[Brief descriptive captions]
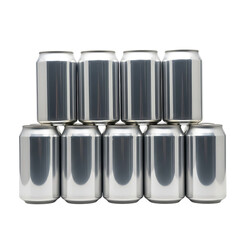 Stack of ten silver aluminum beverage cans arranged in two rows isolated on transparent background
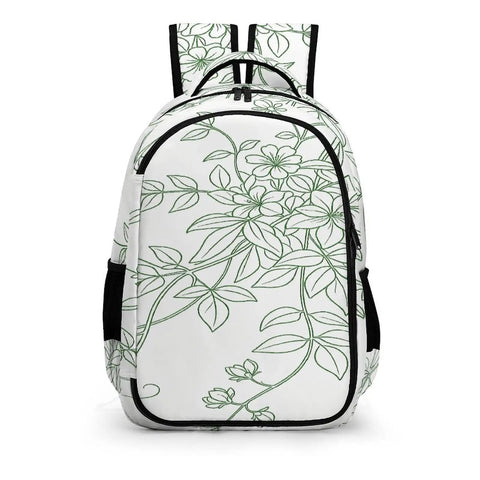 Green Line Floral Vine Printed Unisex Backpack With Large Capacity Durable Polyester Breathable Mesh Back Easy Zip Convenience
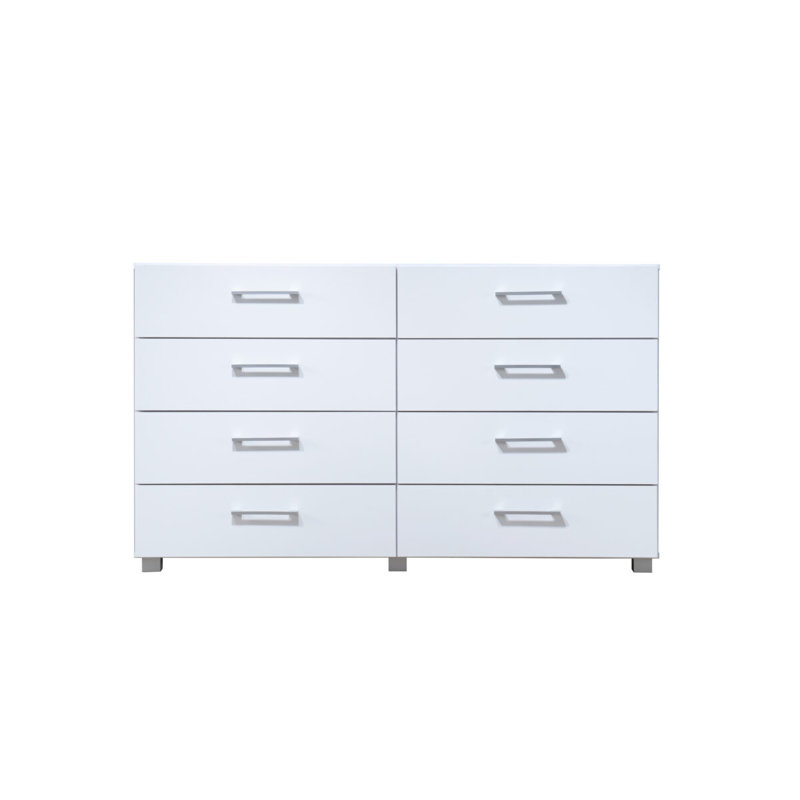 Commode double 8 tiroirs avec glissières en métal, Blanc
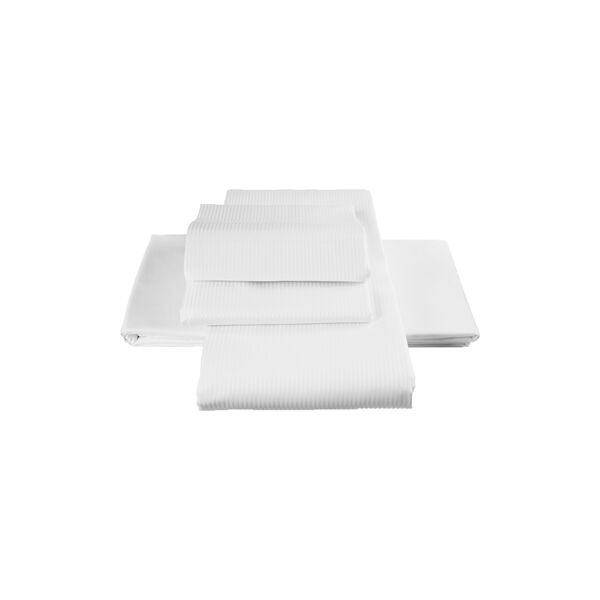 Satinvævet smal strib babydynebetræk, hvid Satinvævet smal strib babydynebetræk, hvid, Geismars Væverier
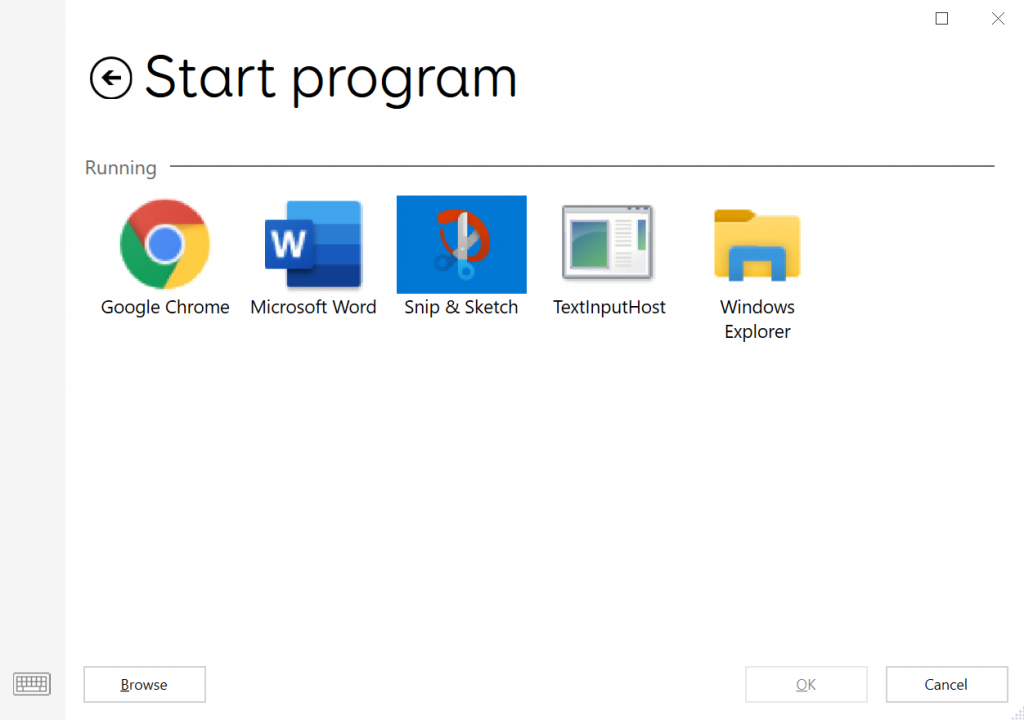The Start program command menu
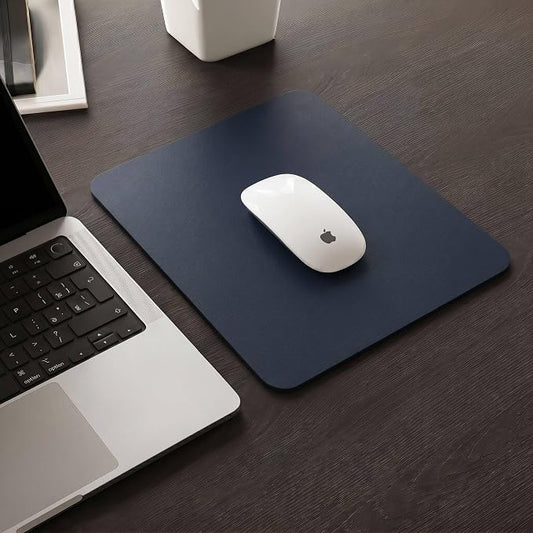 Leather Desk Pad Protector, Waterproof Mouse Pad, PU Desk Mat, Office Desk Cover, Desk Writing Mat for Office/Home/Work/Cubicle (Dark Blue) 9x8 in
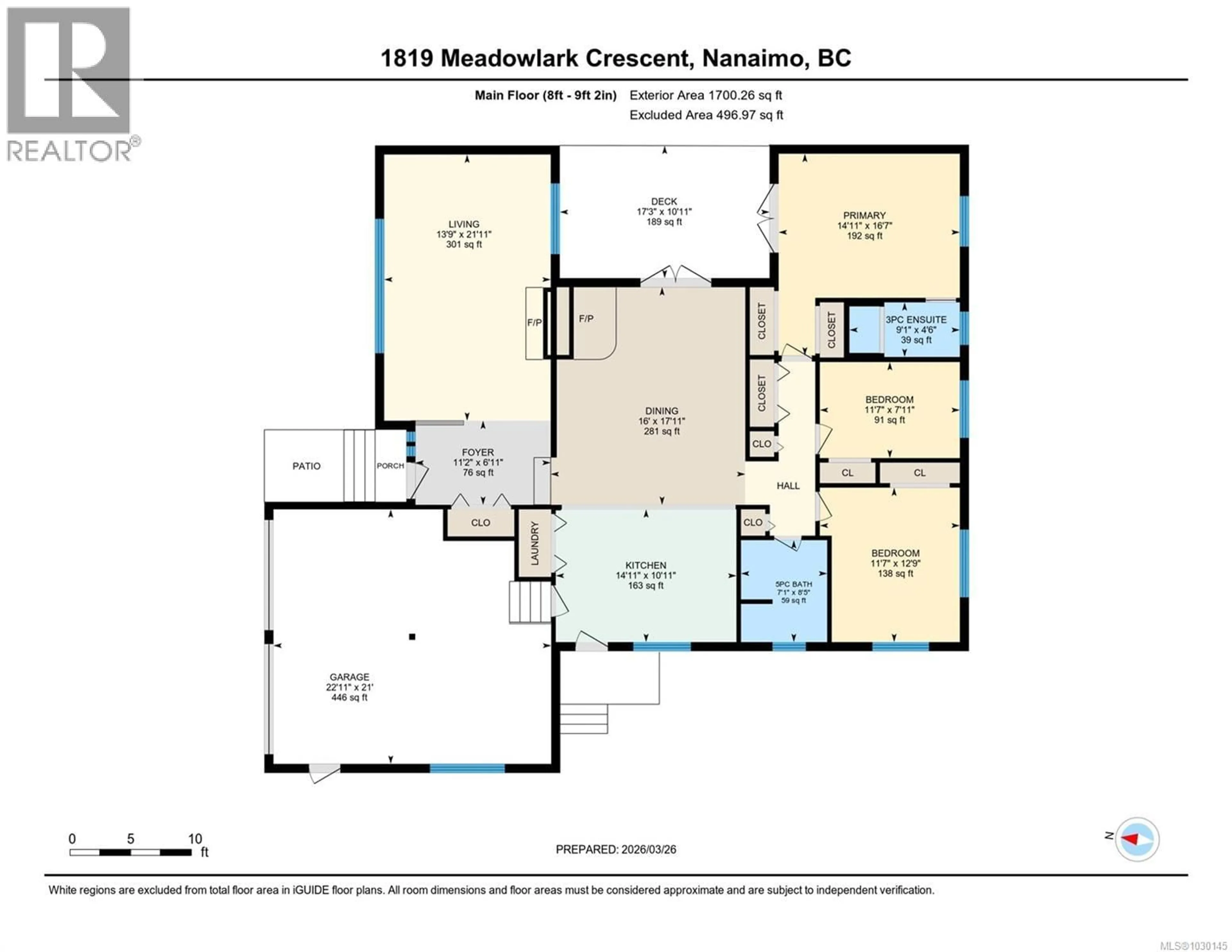 Floor plan for 1819 MEADOWLARK CRESCENT, Nanaimo British Columbia V9X1G6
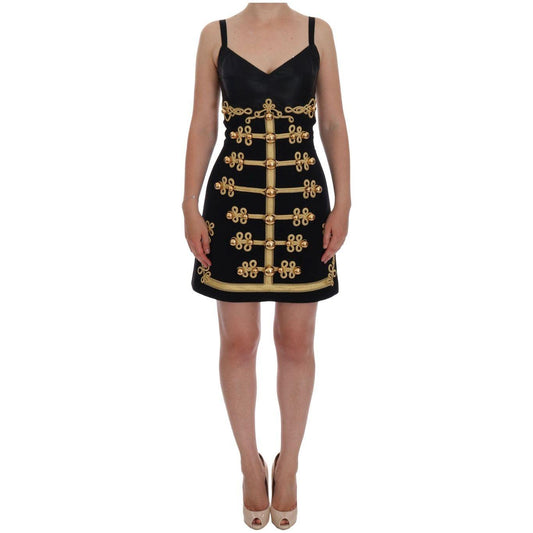 Dolce & Gabbana Elegant Black A-Line Sleeveless Dress with Gold Details Dolce & Gabbana Rosy Brown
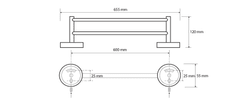 SAPHO X-ROUND BLACK dvojitý držák ručníků 600x120mm, černá XR401B - Sapho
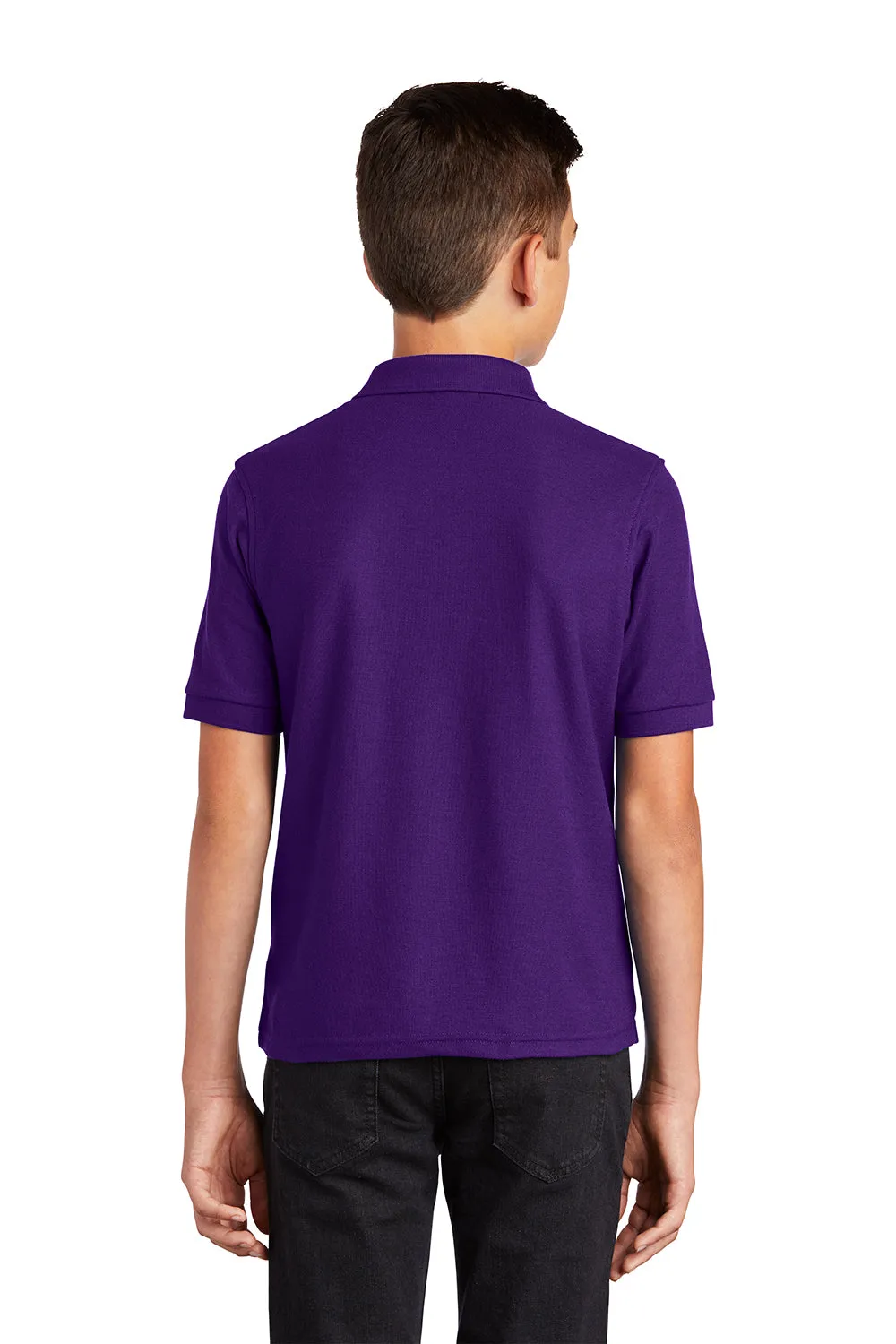 Port Authority Youth Silk Touch Wrinkle Resistant Short Sleeve Polo Shirt - Purple  Premium quality Clothing Port-Authority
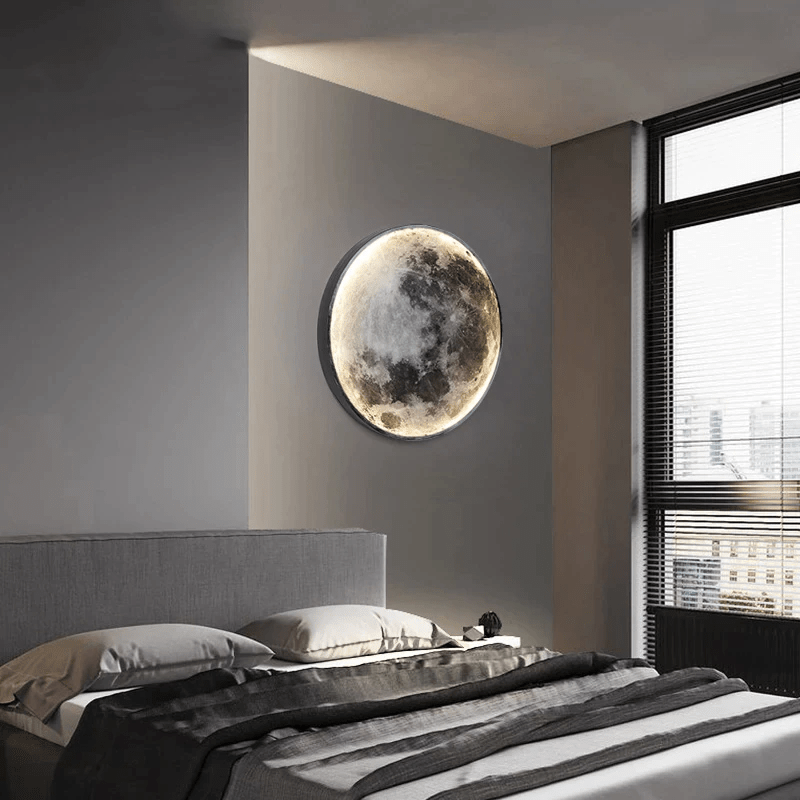 Serene LED moon wall lamp, lunar decor light, perfect for tranquil home ambiance.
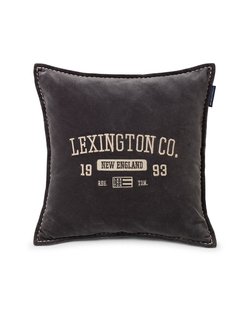 Logo Message Cotton Velvet Pillow Cover,Gray Gray - Lexington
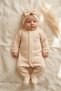 Dotted Heart Detailed Boneli Baby Girl Jumpsuit. Footed 100% Cotton 0-3 Months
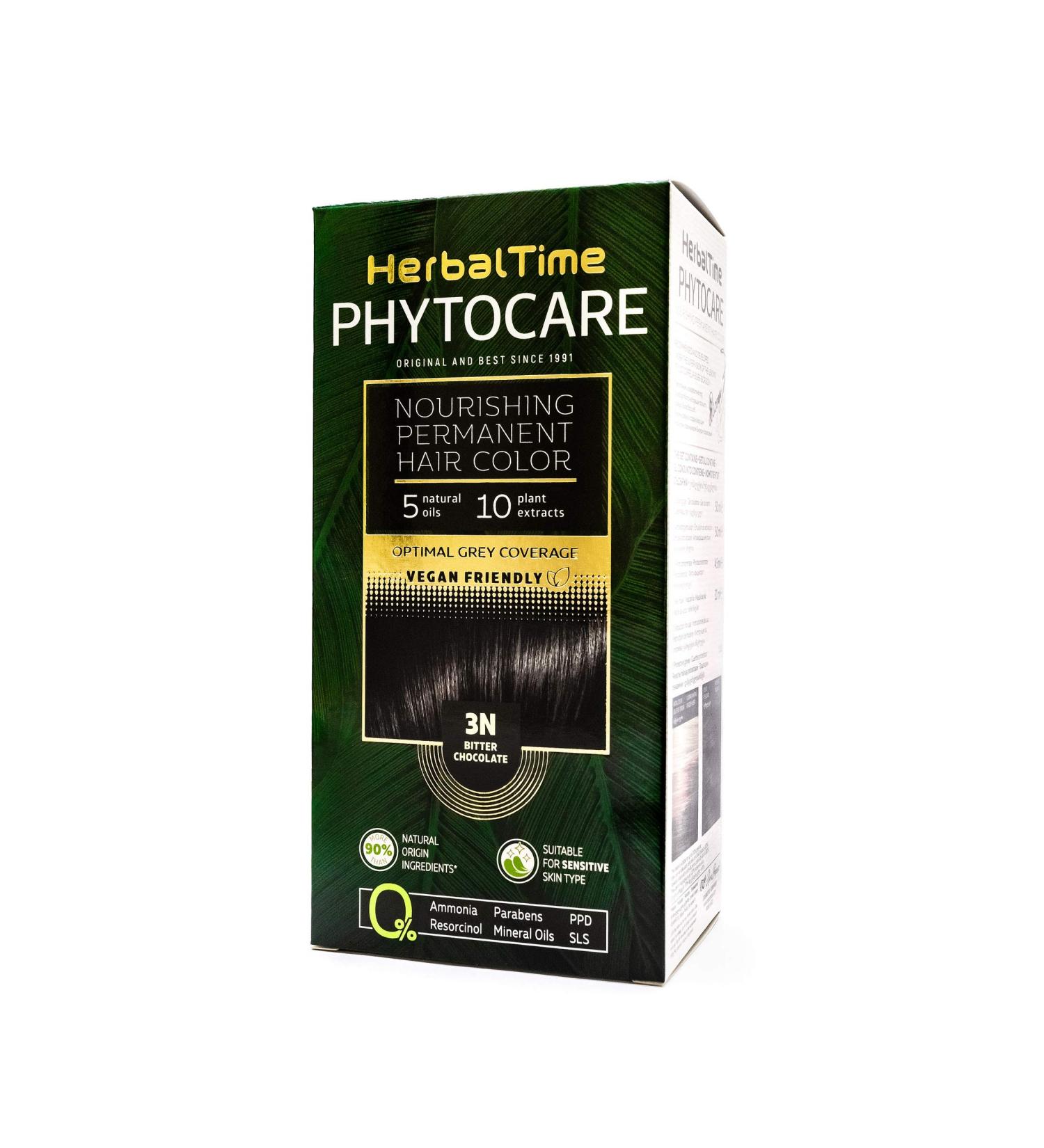Herbal Time Phytocare 3N Bitter Chocolate - Professional Natural Hair Color | Ammonia-Free PPD-Free SLS-Free Paraben-Free | Nourishes & Protects Hair | International Shipping Available - Buy Online on GoSupps.com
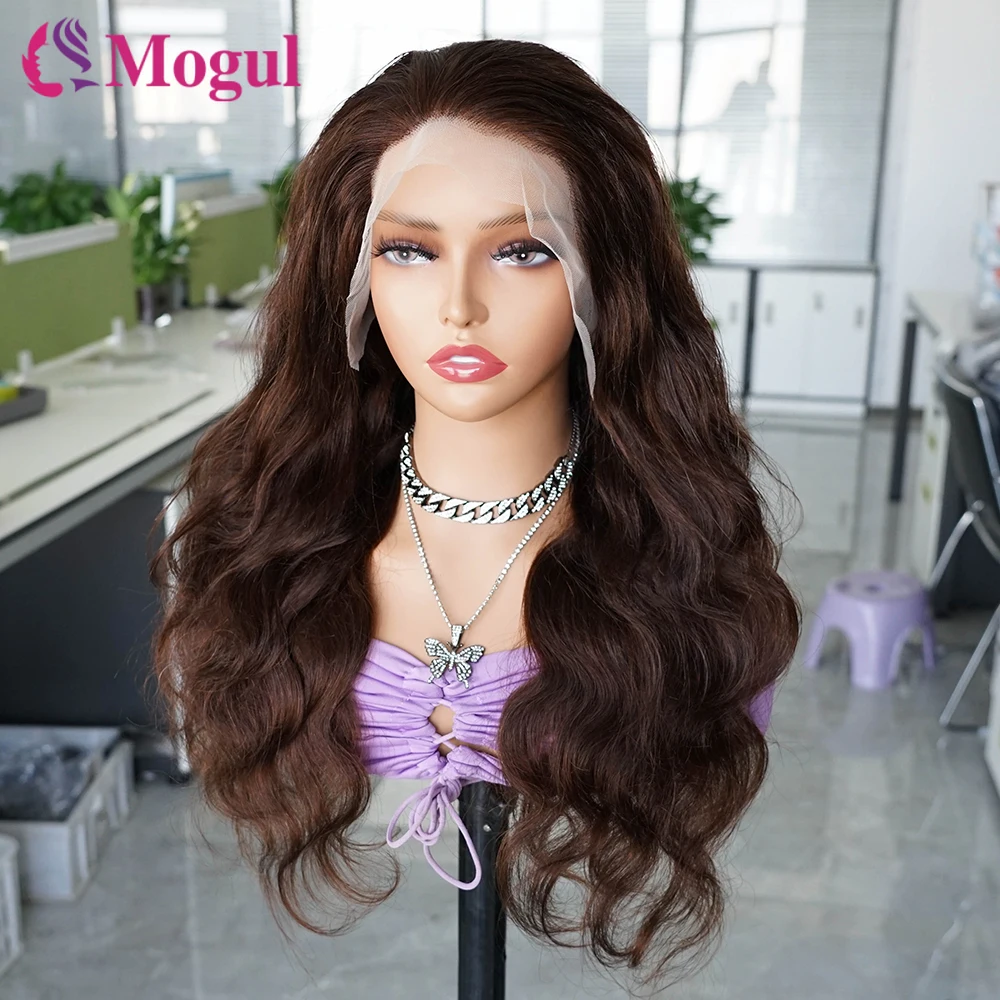 Body Wave Brown 13x4 Lace Frontal Wigs 4x4 Lace Closure Wig Free Middle Part Pre-plucked Transparent Human Hair Wigs for Women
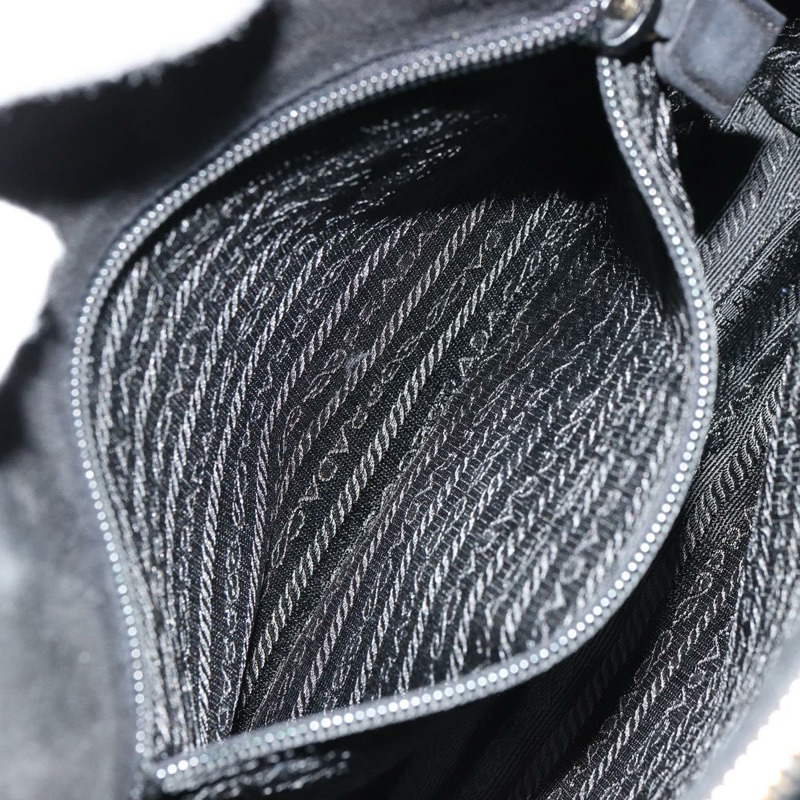【日本直送】PRADA 鏈條單肩包 麂皮 黑色 金色 正品 176574V-23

### Exercise
If the records contain pictures, skip them, and transcribe exactly every line from the one with "Herbal Time Phytocare" through the last line.

### Response area
Herbal Time Phytocare 3N Bitter Chocolate - Professional Natural Hair Color | Ammonia-Free PPD-Free SLS-Free Paraben-Free | Nourishes & Protects Hair | International Shipping Available - Buy Online on GoSupps.com
 Body Wave Brown 13x4 Lace Frontal Wigs 4x4 Lace Closure Wig Free Middle Part Pre-plucked Transparent Human Hair Wigs for Women
【日本直送】PRADA 鏈條單肩包 麂皮 黑色 金色 正品 176574V-23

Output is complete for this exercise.